The New York Times published an article that suggests tennis star Roger Federer’s U.S. Open defeat on Monday was not the result of being bested by Australian John Millman, but instead because of man-made global warming.
“Roger Federer Is Tough to Beat. Global Warming Might Have Pulled an Upset,” reads the headline of The Times’ analysis of why, in this case, weather is the same thing as climate.
Millman defeated Federer in a fourth-round upset. It’s the first time Federer lost to an opponent not ranked in the top 50 — so, obviously there must be some larger explanation, like a changing climate.
After the loss, Federer said the hot, humid weather in New York City made him feel he “couldn’t get air; there was no circulation at all.” An enterprising Times reporter extrapolated that into an explanation of why hot summer weather could really be the product of global warming.
Times climate reporter Kendra Pierre-Louis suggested Federer’s comments about the hot, humid weather after his defeat made him “an unwitting spokesman for the effects of climate change.”
“Under climate change, overall temperatures are rising — 2018 is on track to be the fourth-warmest year on record — but the warming is not happening evenly,” Pierre-Louis wrote on Tuesday.
“Summer nights have warmed at nearly twice the rate of summer days. Average overnight low temperatures in the United States have increased 1.4 degrees Fahrenheit per century since 1895, according to the National Oceanic and Atmospheric Administration,” she added.
Dr. Ryan Maue, an atmospheric scientist at the libertarian Cato Institute, pointed out the absurdity of blaming a few days of hot summer weather on man-made global warming.
— Ryan Maue (@RyanMaue) September 5, 2018
However, even as Pierre-Louis admitted “[s]hort-term weather conditions are not the same as long-term changes to the climate, and a few hot days do not prove a trend,” she insisted “the unusual heat and humidity that appeared to strain Federer are in keeping with the changes that atmospheric scientists are seeing under human-caused global warming.”
“Normally this time of year, the daytime high temperature tops out at 80 degrees, with overnight temperatures in the 60s,” Pierre-Louis wrote, glossing over the fact she’s still talking about daily weather.

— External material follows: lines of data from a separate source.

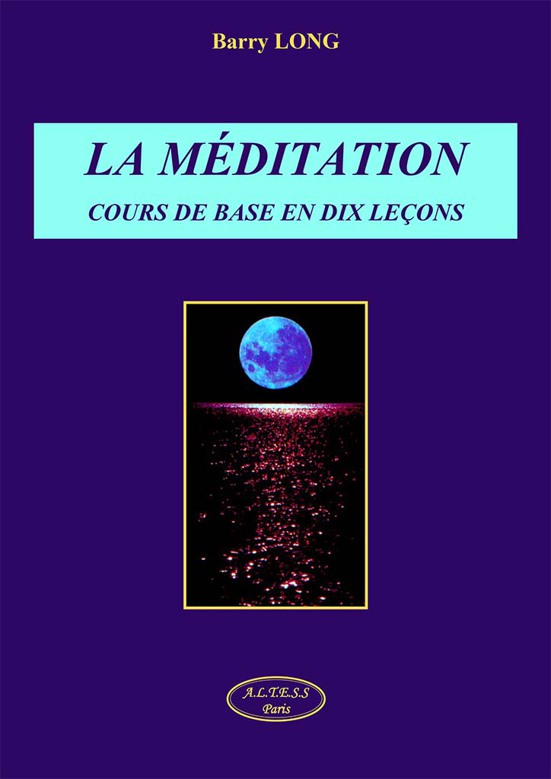 La méditation : Cours de base en dix leçons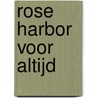 Rose Harbor voor altijd by Debbie Macomber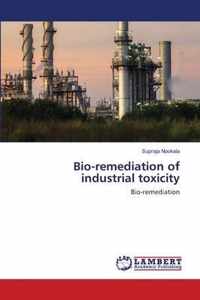 Bio-remediation of industrial toxicity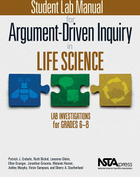 Student Lab Manual for Argument-Driven Inquiry in Life Science: Lab Investigations for Grades 6-8, ed. , v. 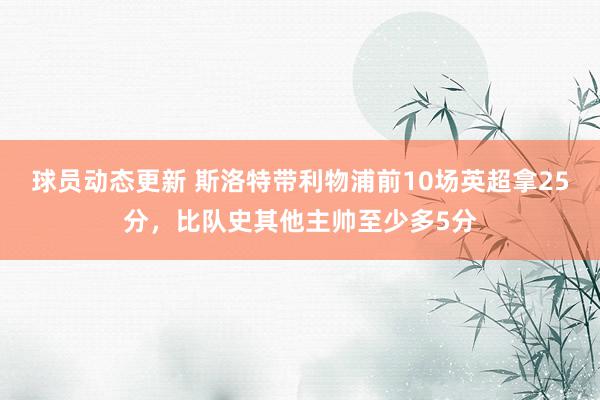 球员动态更新 斯洛特带利物浦前10场英超拿25分，比队史其他主帅至少多5分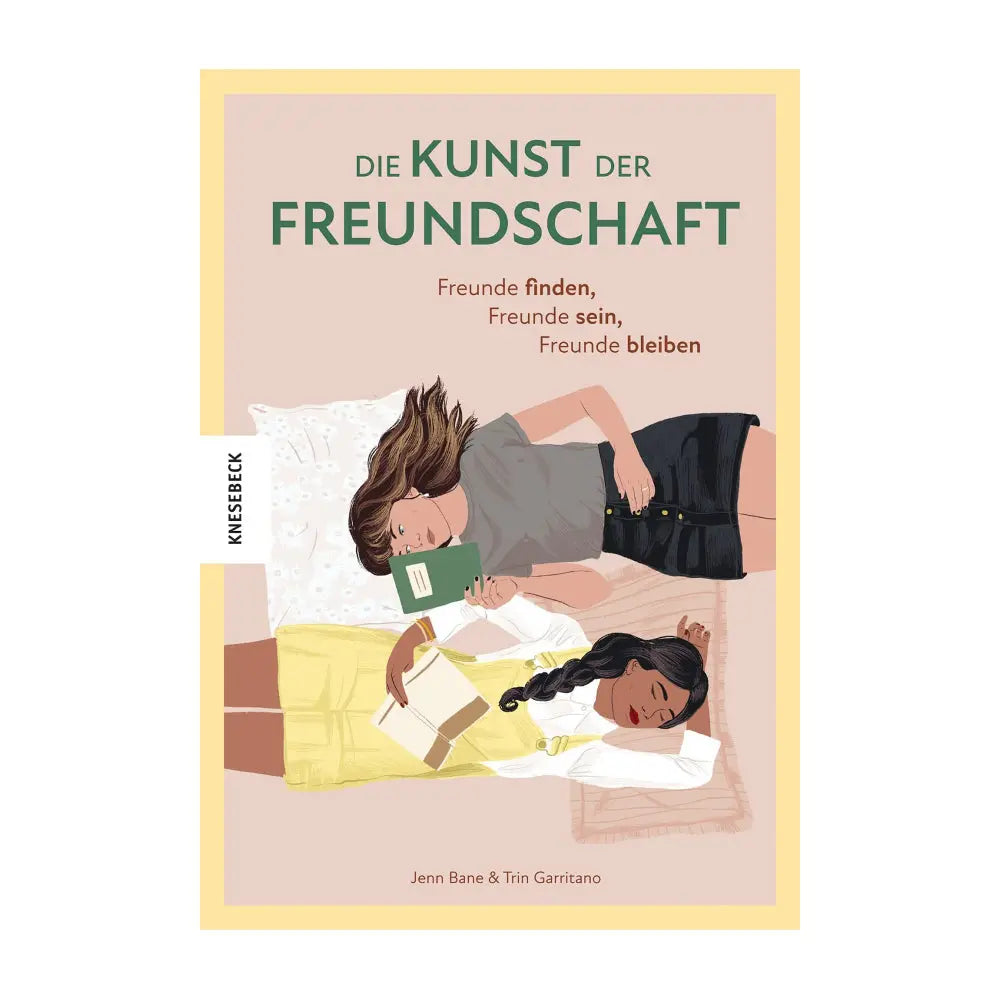 Die Kunst der Freundschaft Knesebeck Verlag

Now, it has been a hot U.S. Open this year with temperatures persistently above 90 degrees Fahrenheit with high humidity. Officials instituted heat rules and suspended junior competition games until conditions cooled.
Federer was not the only player to suffer in the heat. Lesia Tsurenko had to call for the doctor during one of her matches under the beating sun, and 16-year-old Caty McNally threw up on the court five times in the sweltering weather.
“You have soaking wet pants, soaking wet everything,” Federer said after his loss to Millman, suggesting the Aussie had an advantage because “he maybe comes from one of the most humid places on earth.”
Federer trains in Dubai during the off-season.